# WHAT YOU HAVE TO DO
Look below for the line that has "Pendentif 'Lune pourpre'". Set down the lines from there through the line that has "3732 Summer Lane, Huntsville, TX 77340", exactly as written.

# GIVEN DATA

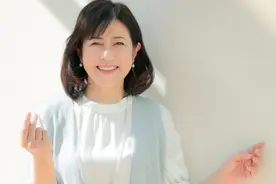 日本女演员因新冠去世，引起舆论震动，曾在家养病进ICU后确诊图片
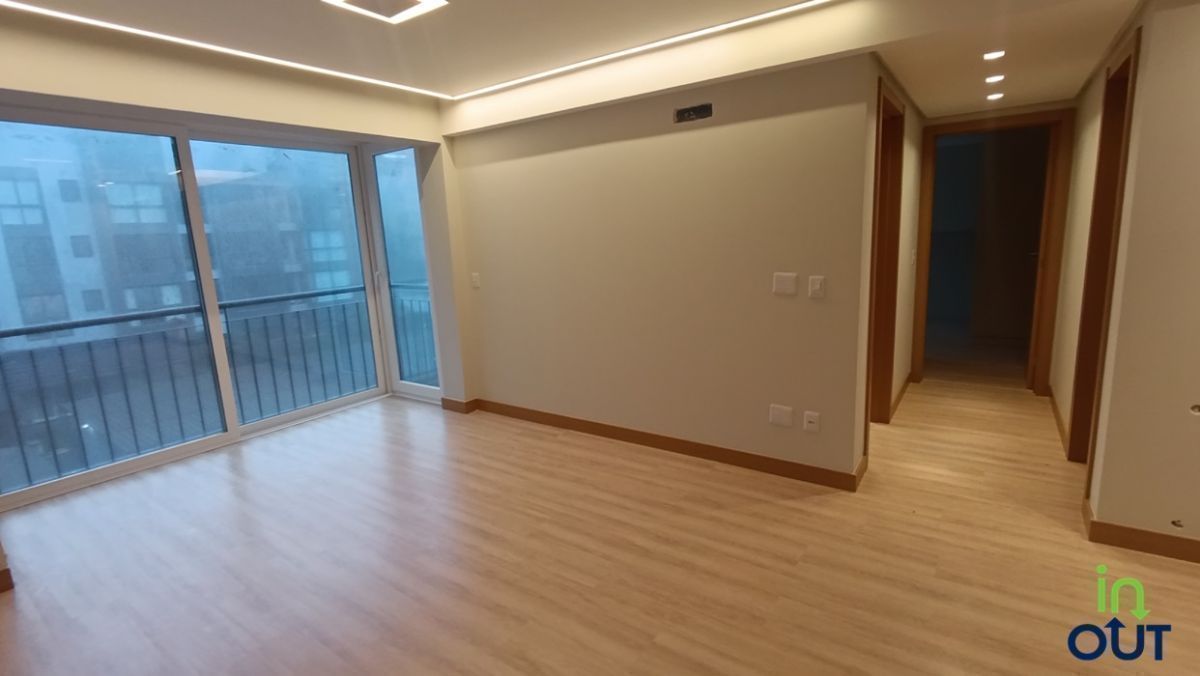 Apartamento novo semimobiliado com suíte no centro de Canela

==

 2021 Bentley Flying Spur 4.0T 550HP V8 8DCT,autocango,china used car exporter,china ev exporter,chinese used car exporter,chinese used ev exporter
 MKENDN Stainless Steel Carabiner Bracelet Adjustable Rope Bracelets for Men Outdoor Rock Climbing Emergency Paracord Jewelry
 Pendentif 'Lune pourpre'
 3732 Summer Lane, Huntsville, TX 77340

...

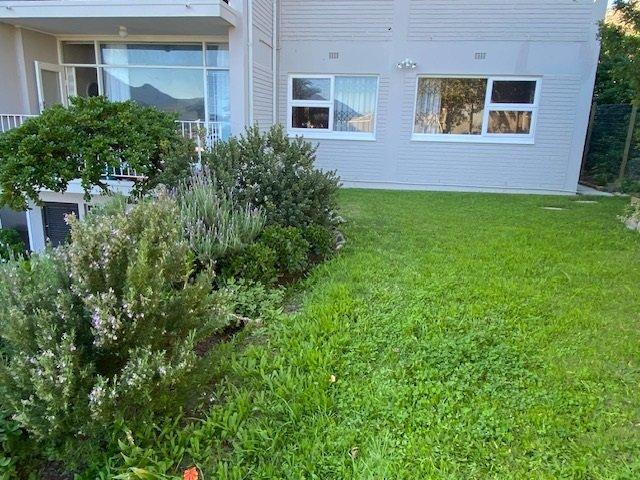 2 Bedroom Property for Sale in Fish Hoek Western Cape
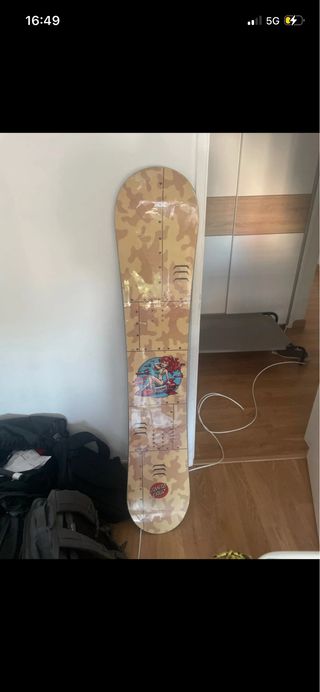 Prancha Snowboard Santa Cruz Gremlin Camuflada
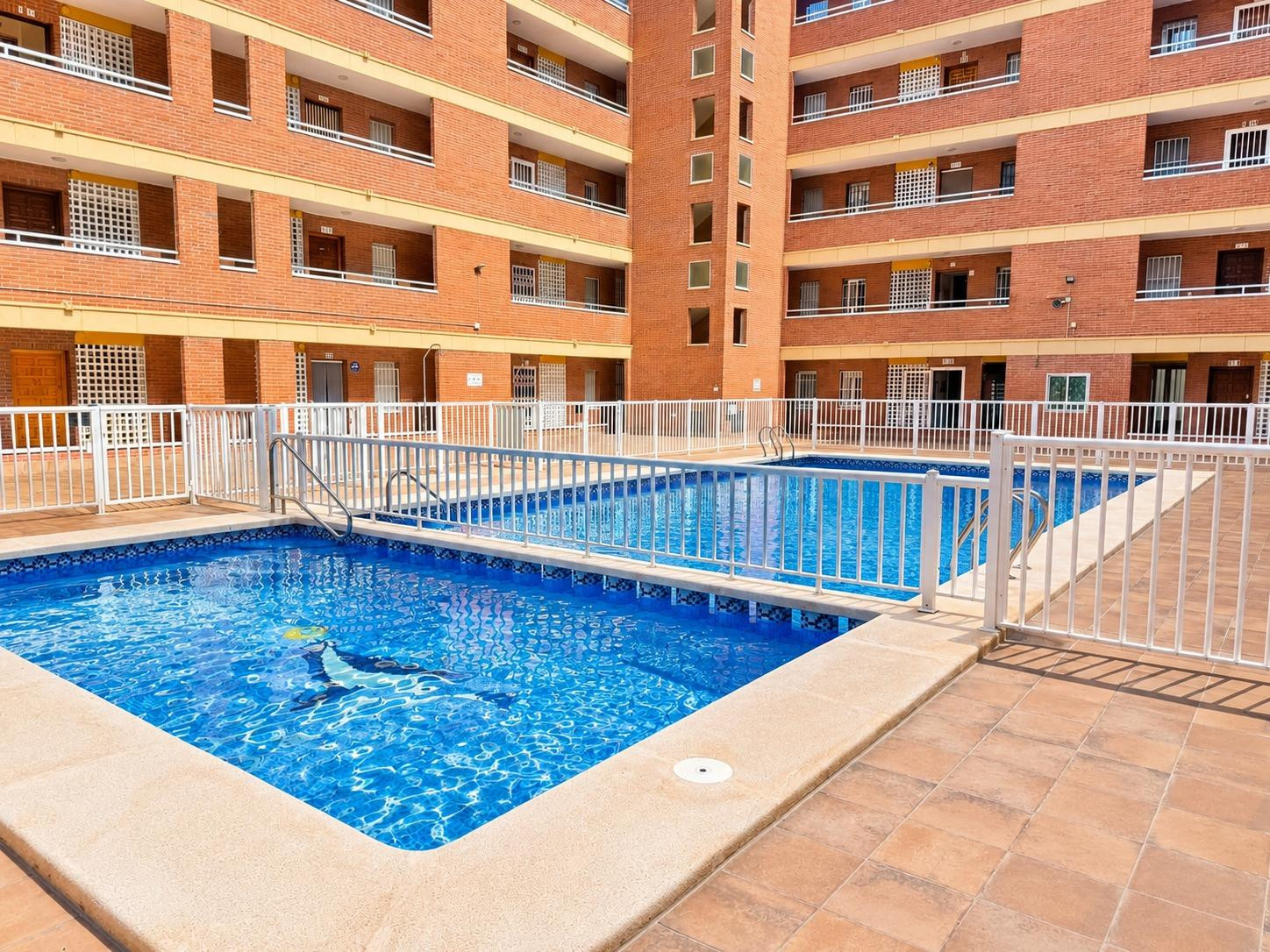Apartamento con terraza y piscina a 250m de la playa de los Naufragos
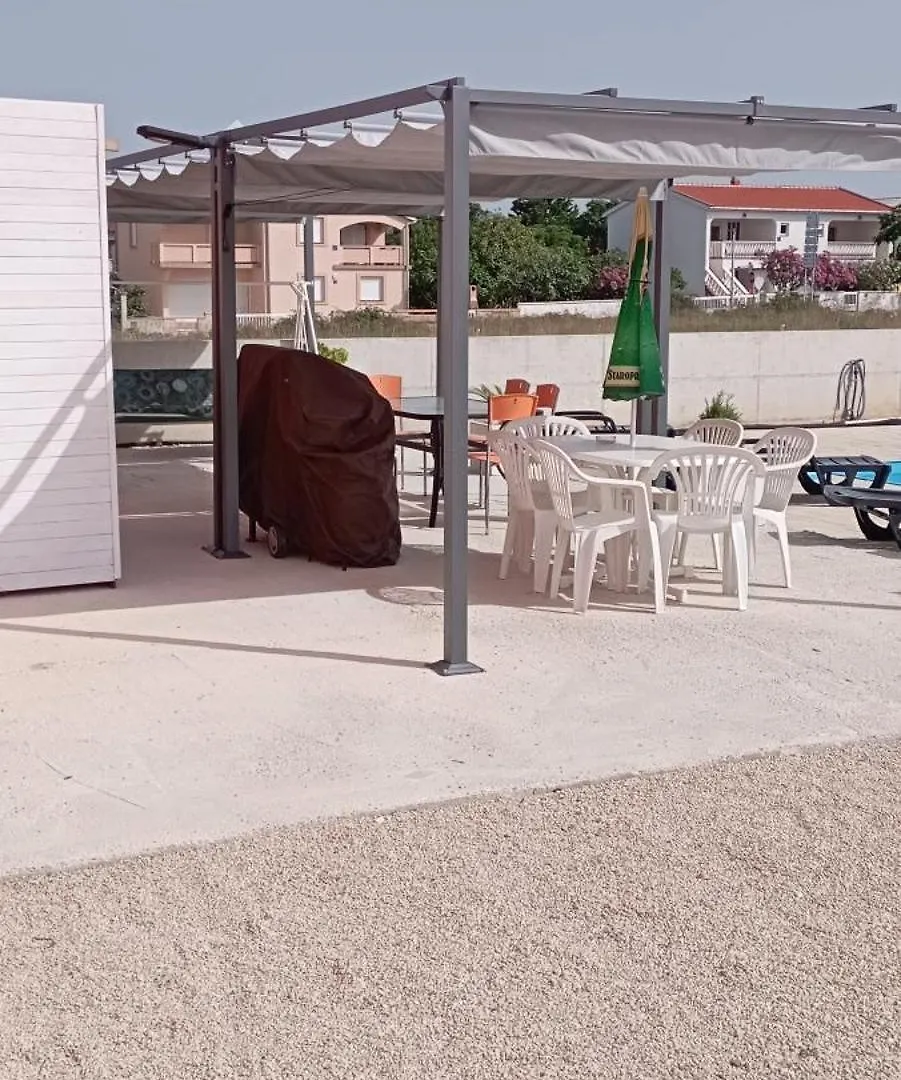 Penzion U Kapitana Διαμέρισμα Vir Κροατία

# EXERCISE SOLUTION
 Pendentif 'Lune pourpre'
 3732 Summer Lane, Huntsville, TX 77340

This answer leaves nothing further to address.